The Hennepin Canal State Park was initially not on that list, but then it was added. I figured it might be a good opportunity to explore the canal trail further, so I decided to trek out to it last Sunday.

For those not familiar with it, the Hennepin Canal is a very large - if unusually shaped - state park. It consists of two narrow strips of land bounding the canal (of course), one running from Bureau Junction on the Illinois River east-west across about half of the state to the Mississippi River, and another running north-south from Rock Falls to meet the east-west portion just north of Interstate 80. I’ve written about it here before, exploring portions of both the lateral and vertical portions.

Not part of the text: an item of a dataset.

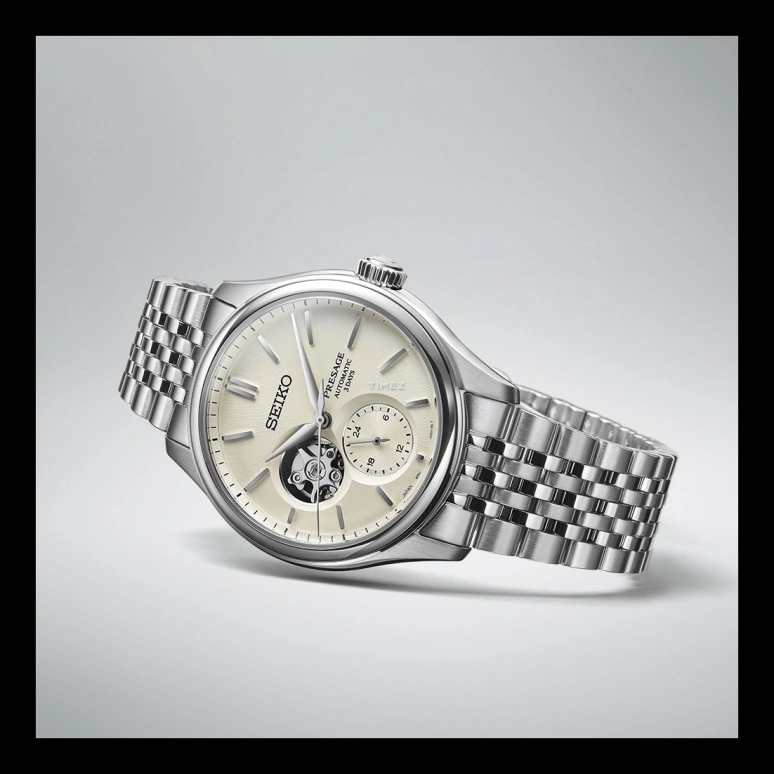 Seiko,Presage 40.20mm,40.20mm,Stainless Steel,Cream,Automatic,72hours,In-house Caliber,SARJ007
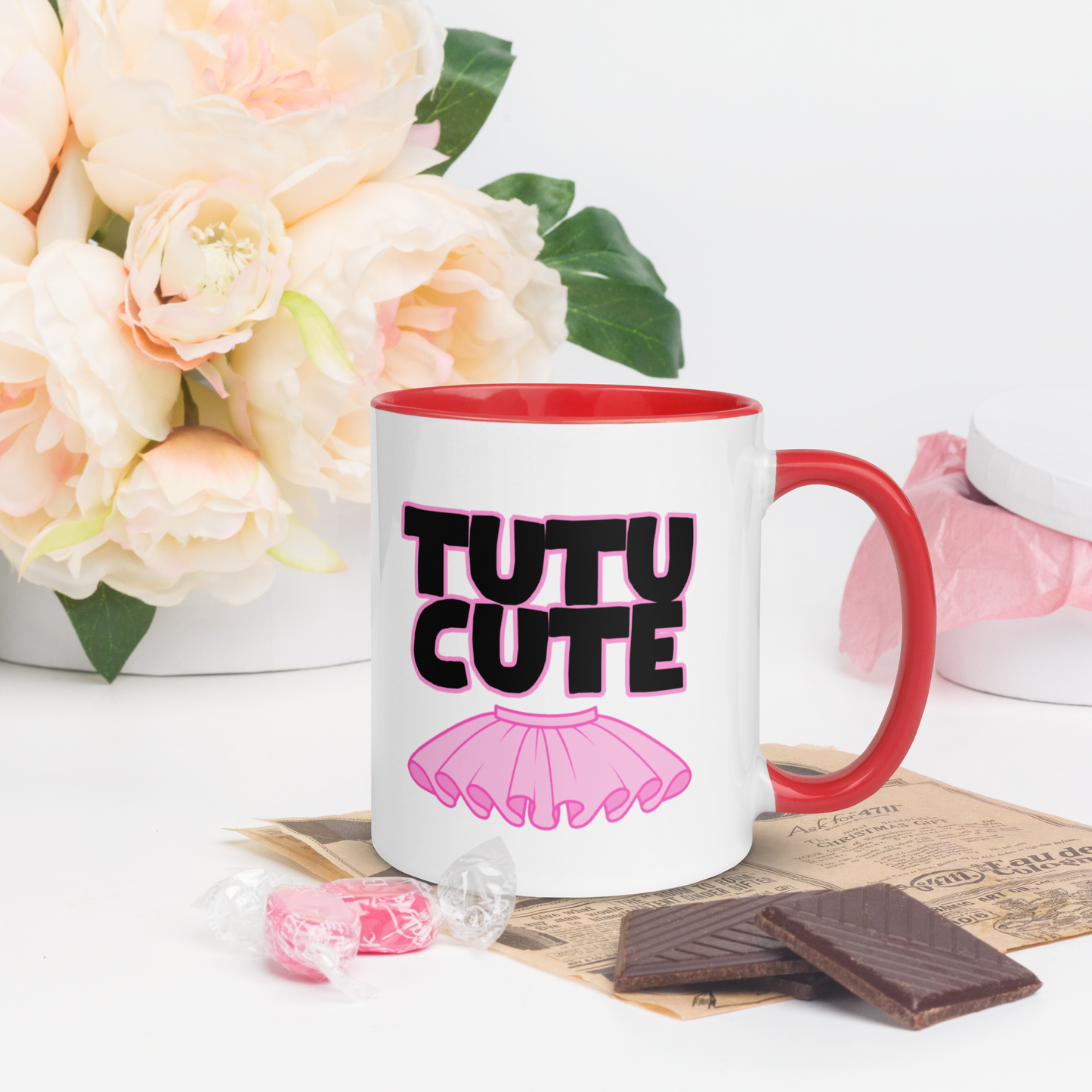 Tutu Cute Mug with Color Inside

I wanted to explore a portion I hadn’t yet seen, and I wanted to avoid people, as much as possible, both for purposes of social distancing and because, as a general rule, I enjoy solitary riding. I figured the portions of the trail that bound towns and settlements would be pretty busy, given the pent-up demand for any activity, so I decided I’d begin in a more rural location. This is not hard to do for the canal - the word rural describes most of it. The last time I’d ridden the Feeder Canal - the north-south part - I’d ended at Route 172. That seemed like a good place to begin, and my plan was to ride from there to the junction of the two sections just north of I80, which would make for about a 40 mile round trip.

Route set, I packed up my trike and mask into the mobile trike garage and headed out.

When I arrived at the entry point for Rte 172 I quietly congratulated myself at my genius. There was only one other vehicle in the parking lot, and the occupant was inside, so I was certain that I was going to pretty much have this section of trail to myself.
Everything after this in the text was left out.